▶

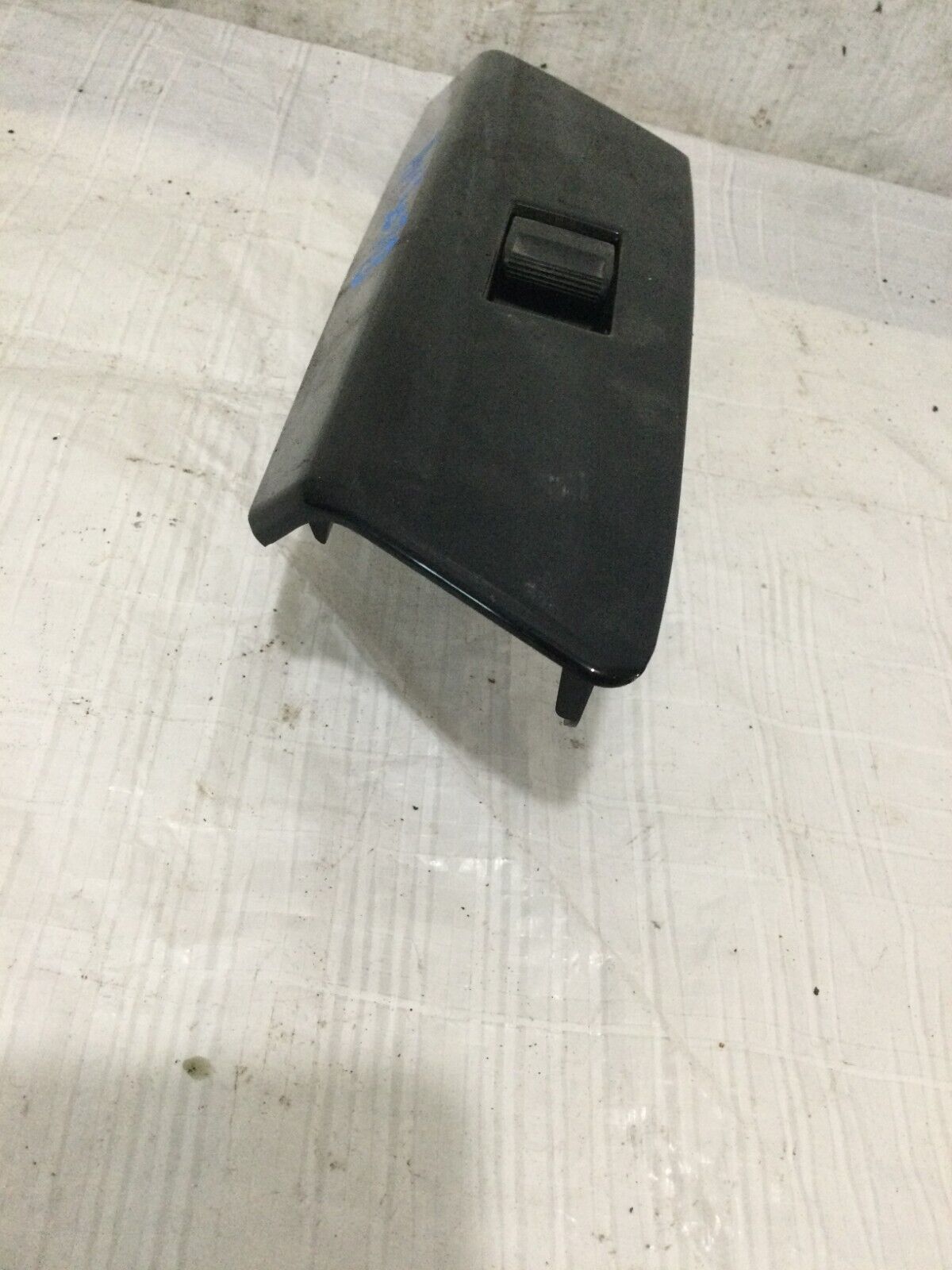 2018 Toyota RAV4 Hybrid  Rear Left Driver Side Power Window Switch Assembly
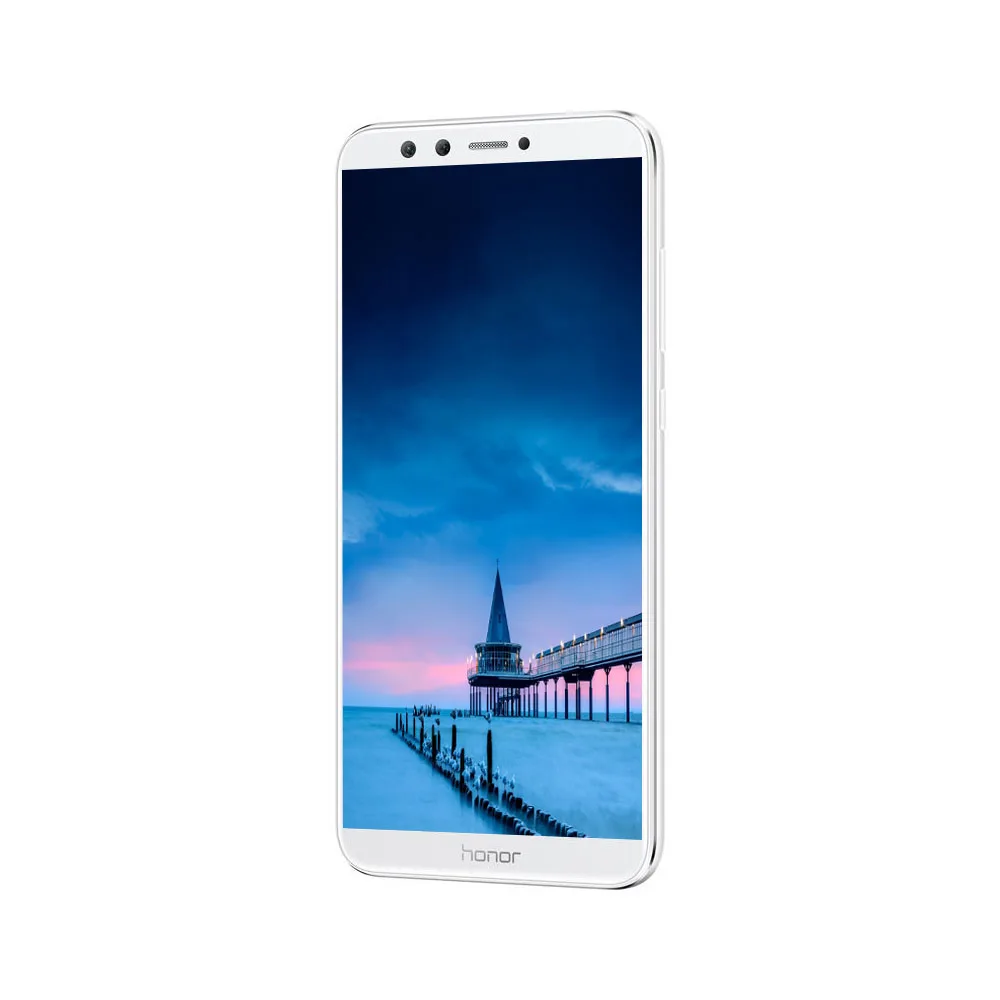 Honor 9 Lite 4 г Phablet EMUI8.0 Hisilicon Kirin 659 Octa Core ГБ оперативная память 32 Встроенная 5 65 дюймов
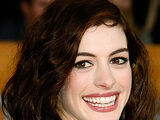 Anne Hathaway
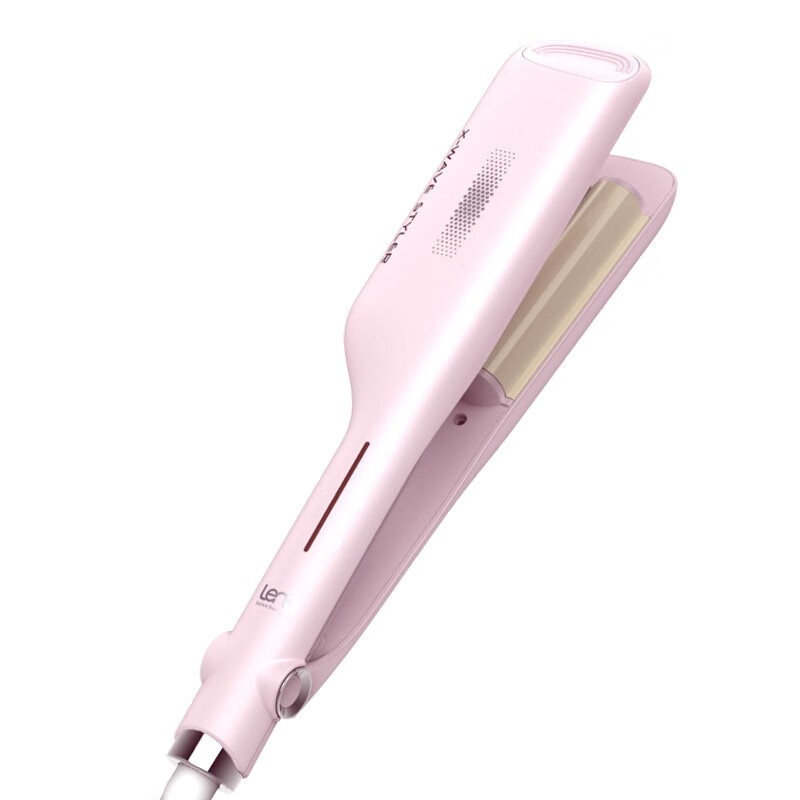 lena 蛋卷头卷发棒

◀

* EXERCISE DESCRIPTION: Give back the material above exactly, but without its images.

* OUTPUT OF THE EXERCISE:
 2018 Toyota RAV4 Hybrid  Rear Left Driver Side Power Window Switch Assembly
 Honor 9 Lite 4 г Phablet EMUI8.0 Hisilicon Kirin 659 Octa Core ГБ оперативная память 32 Встроенная 5 65 дюймов
 Anne Hathaway
 lena 蛋卷头卷发棒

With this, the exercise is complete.